Pop art either side of the Atlantic; America viewed from within, and from afar

Like most artistic movements pop art gradually evolved from thoughts and ideas by many artists and precursor artistic movements. American artists moved from the “looseness” and personalised symbolism of abstract expressionism, to far more accessible and universal cultural touchstones, creating a fresh and youthful optimism as 50s consumer culture replaced the horrors of war.

British artists were equally fascinated by the emerging mass-produced popular symbolism in areas like advertising. It’s simplification shared much with propaganda, but pushed a narrative seeming to improve the prosperity of American society. There was power and manipulation at work, but paradoxes too, and the pop art prints and collages coming out of swinging London often explored those dynamics; observations on American society from afar.
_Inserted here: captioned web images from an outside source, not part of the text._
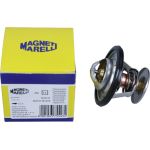 Thermostat, Kühlmittel 352317101370 Thermostat, Kühlmittel 352317101370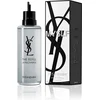 Image de Yves Saint Laurent MYSLF Eau de Parfum 150 ml Refill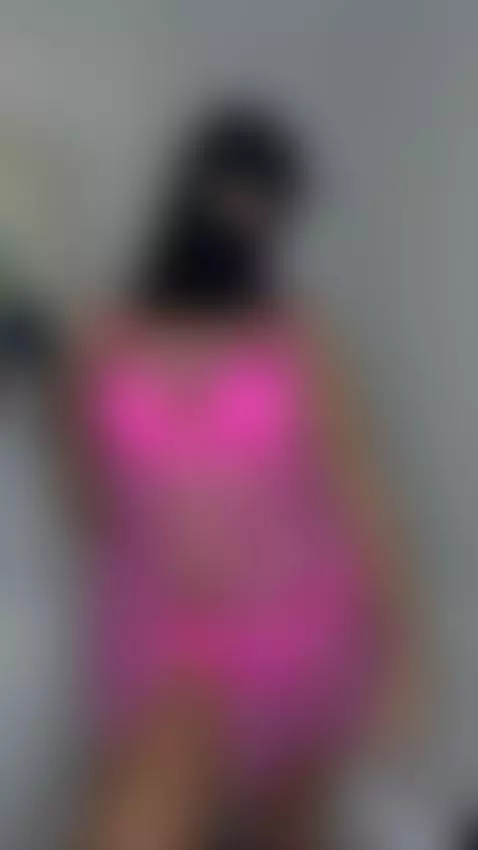You already imagine more 😌🔥
Compare on OnlyFans 😉 by aiishaheliotrope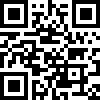https://en.abna24.com/x6kJ6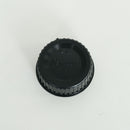 Nikon Lens (Single Focus) Ai Nikkor F1.4 F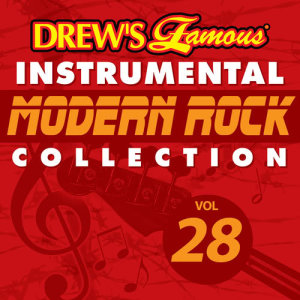 ดาวน์โหลดและฟังเพลง Club Foot (Instrumental) พร้อมเนื้อเพลงจาก The Hit Crew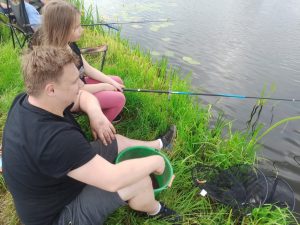 sandacz.info-2025-05-31-piknik-wedkarski-dzien-dziecka-118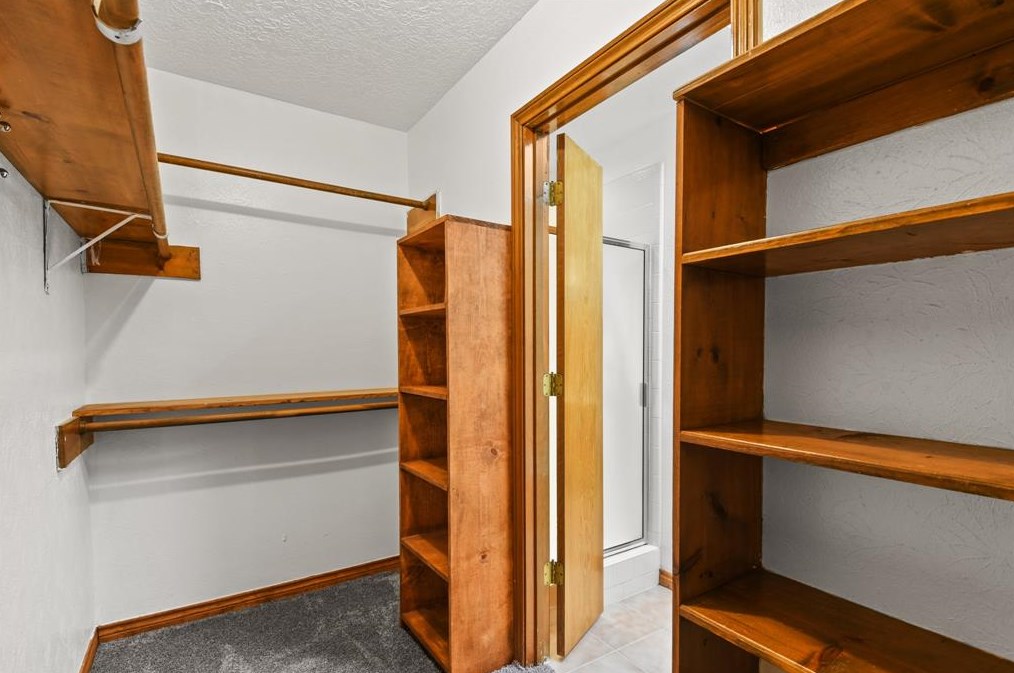 6835 Middlefield Dr, Pasadena TX 77505-5513 exterior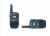 Import radio ham 22 channels wifi digital walkie talkie circuit from China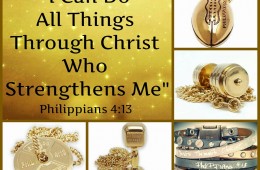 ARMOUR IN TRUTH® Video Gallery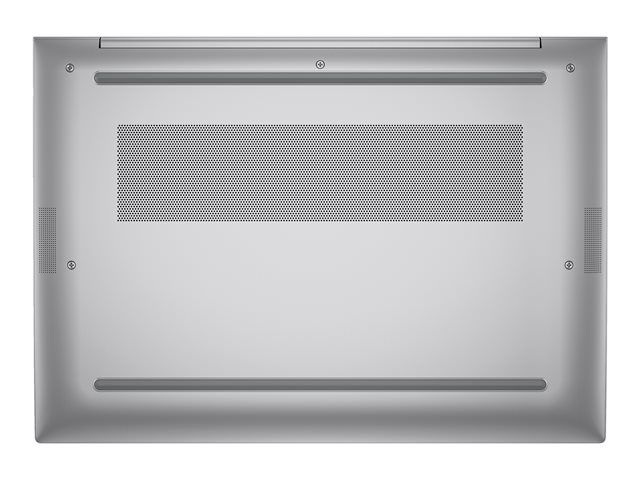 HP ZFirefly 14 G10 RTX A500 i7-1355U TI PD IC / 1TB PCIe-4x4 2280 NVMe TLC / 16GB (1x16GB) DDR5 5200 SODIMM Memory / W11p64 / 14.0 AG WUXGA (1920x1200) WLED+LBL 400 f5MP IR bnt LCD Panel / WLAN Intel AX211 Wi-Fi 6E 160 MHz BT 5.3 WLAN / 1yr Warranty Pu0026R|3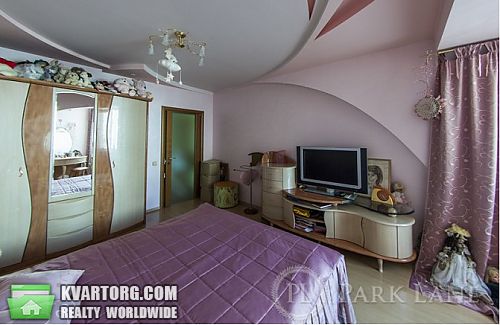 Sell 3-room apartment. Киев, Героев Сталинграда пр — photo 7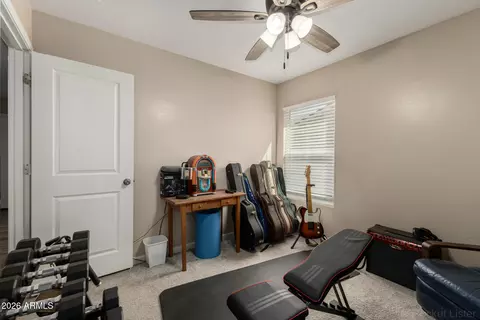 Other - 139 W Douglas Ave, Coolidge, AZ 85128 photo 4 of 4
It’s also true to consider that the UK, and Europe as a whole, was still rebuilding from war, rationing only ended in the UK in 1954 so the explosion of colourful and simple optimism across the Atlantic was both curious and alluring. It caught the attention of British critics, curators, and UK art galleries, and in the early 1960s pop art first appeared in the Royal Society of British Artists Young Contemporaries exhibitions which included original artworks by David Hockney and Peter Blake; but it wouldn’t stay monopolised by Britain.

Roy Lichtenstein, Andy Warhol and the breakout of American pop art

American artists like Jasper Johns and Robert Rauschenberg had already been bridging the gap between Dada and pop, and in the early 60s were joined by artists like Andy Warhol and Roy Lichenstein in a search for a fully realised American pop art style. They soon began to discover fresh directions by looking to the mechanics of the creation of original art, and the modern art print.
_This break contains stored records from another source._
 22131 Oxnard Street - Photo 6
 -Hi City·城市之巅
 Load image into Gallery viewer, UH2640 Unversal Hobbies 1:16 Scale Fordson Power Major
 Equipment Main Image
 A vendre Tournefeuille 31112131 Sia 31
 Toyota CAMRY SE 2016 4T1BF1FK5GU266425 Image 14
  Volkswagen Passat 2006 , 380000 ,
Lichtenstein looked to comic books and newsprint, painting with thick black lines, blocks of colour and Ben-Day dots to imitate their look and style. His dramatic compositions and fractions of romance-comic melodrama storylines had widespread appeal to popular taste. Here was work not just fascinated by, or critiquing of pop culture, this was pop culture. And Warhol would take things a step further; why paint things to look like they were printed, when you could just print them?

By using a technique of mass production to create an “original” work of art, in reality just an art print, Warhol and others significantly elevated one of the questions that began the pop art journey; what is art?

Was it the print? The silkscreen plates? Maybe Andy Warhol himself? He recreated seemingly random items of consumable culture as scuplture; a cardboard box printed identically to those used for Campbell’s soup cans, something consumers would never even see, found itself in an art gallery valued at millions. The everyday, mundane, and mass produced had truly invaded the enclaves of high art, and was being sold in the millions as Lichtenstein and Warhol t-shirts, posters and art prints.

The mirror to end modernism, and a lasting artistic legacy

Pop art looked and felt like a party, the escape from the dark days of war, and emblematic of the ideals of modernism; a continual universal progress towards something better. As the 60s became the 70s the Vietnam war ground on, divisions widened in society, and economic woes loomed large on the horizon. Pop art became a mirror to blind optimism and over-simplification, self doubt began to sink in and postmodernism began to question everything that had gone before all over again.

It still holds some important lasting legacies though. Pop found unique ways to question art and it’s values, and new places to find inspiration; playing with paradoxes and ironies so deeply that we still debate to this day whether the movement adored consumerism or despised it.

Perhaps most importantly, it was resoundingly successful in breaking down significant barriers between high art and low culture. Pop brought food packaging to the art gallery and created an art everyone could feel familiar with, and as a result the work of Warhol or Lichtenstein remains hugely popular in art prints, clothing and culture to this day. Would Warhol despair at his 15 minutes of fame running eternally, or enjoy that for most it only exists as a mass produced poster, to ultimately be thrown away?